[Raph] Uns dizem que tudo começou com Hobbes e
Rousseau, mas a história mais aceita é a que diz que foi durante a
Revolução Francesa a origem da separação ideológica entre os que
sentavam à esquerda ou à direita no plenário da Assembleia Constituinte:
os girondinos sentavam-se na direita e defendiam os atuais detentores
do poder econômico, enquanto os jacobinos e os cordeliers sentavam-se
na esquerda e defendiam a reforma do sistema. Séculos depois,
atualmente costuma-se classificá-los entre socialistas e neoliberais...
No entanto, seria mesmo possível reduzir o pensamento político de um
indivíduo ou grupo de indivíduos a esta dimensão restrita de “esquerda”

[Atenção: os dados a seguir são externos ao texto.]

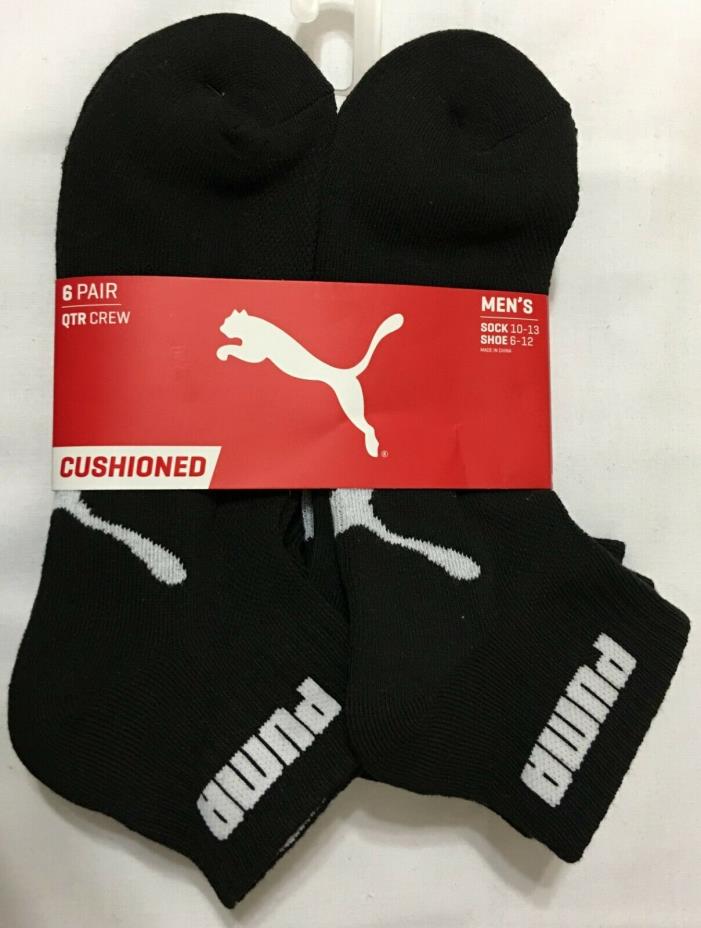 Puma Men's Sport Coolcell 6-Pair Quarter Crew Socks -- Black with Puma  (1129)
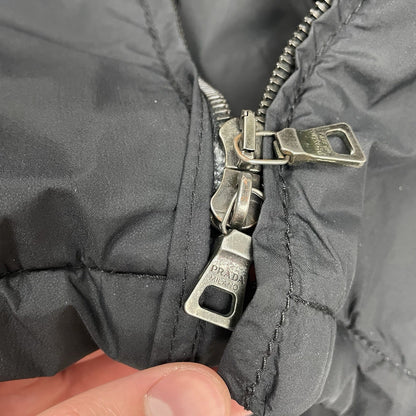 Prada Goretex Jacket Fur Trim, Size Large | O/S, Black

e “direita”? Em suma, o que são, afinal, a direita e a esquerda?
[Teo] Primeiramente,
gostaria de parabenizar pela excelente iniciativa e agradecer o convite
para participar do debate. Antes de responder propriamente a questão,
gostaria de apresentar um interessante recurso que nos ajuda a pensar
este dilema: a Análise Institucional. O movimento institucionalista
desenvolveu-se na França em meados do século passado e tem o Brasil
hoje como um dos locais em que ele pôde fixar-se, tendo alcançado
interessantes resultados, sobretudo na área da saúde mental. Como
afirma Gregorio Baremblitt em seu livro Compêndio de Análise Institucional e Outras Correntes,
a sociedade é formada por uma rede de instituições, estas as
composições lógicas, que segundo o grau de formalização que adotem
podem ser leis, normas, e quando não enunciadas de maneira manifesta
podem ser hábitos, costumes, crenças, etc. Há diversos tipos de
instituições, como a família, a divisão do trabalho, a educação, a
religião, a justiça, todas com a função de regular a vida humana
segundo seus próprios modos de organização. Quando uma determinada
ideia está bem consolidada, sendo amplamente aceita e repetidamente
executada, dizemos que se trata do instituído. Quando surge uma nova ideia que deseja substituir a anterior, chamamos de instituinte. A Análise Institucional trata-se, deste modo, do estudo e prática da dinâmica instituído-instituinte.
O instituído é uma força conservadora, que tenta se manter presente,
enquanto o instituinte é uma força revolucionária que tenta suplantar o
instituído. Neste contexto, é muito importante entender que não se
trata de bom ou mal, ou qualquer tipo de julgamento moral. Não é porque
algo é novo que é bom, como não é porque algo é tradicional que
significa ser melhor. O que hoje temos como instituído, um dia foi uma
força instituinte que conquistou seu lugar, e o que hoje vemos como
instituinte, muito provavelmente virá a se tornar um dia o instituído. É
neste sentido que podemos entender as questões históricas e
ideológicas entre Direita (instituído) e Esquerda (instituinte).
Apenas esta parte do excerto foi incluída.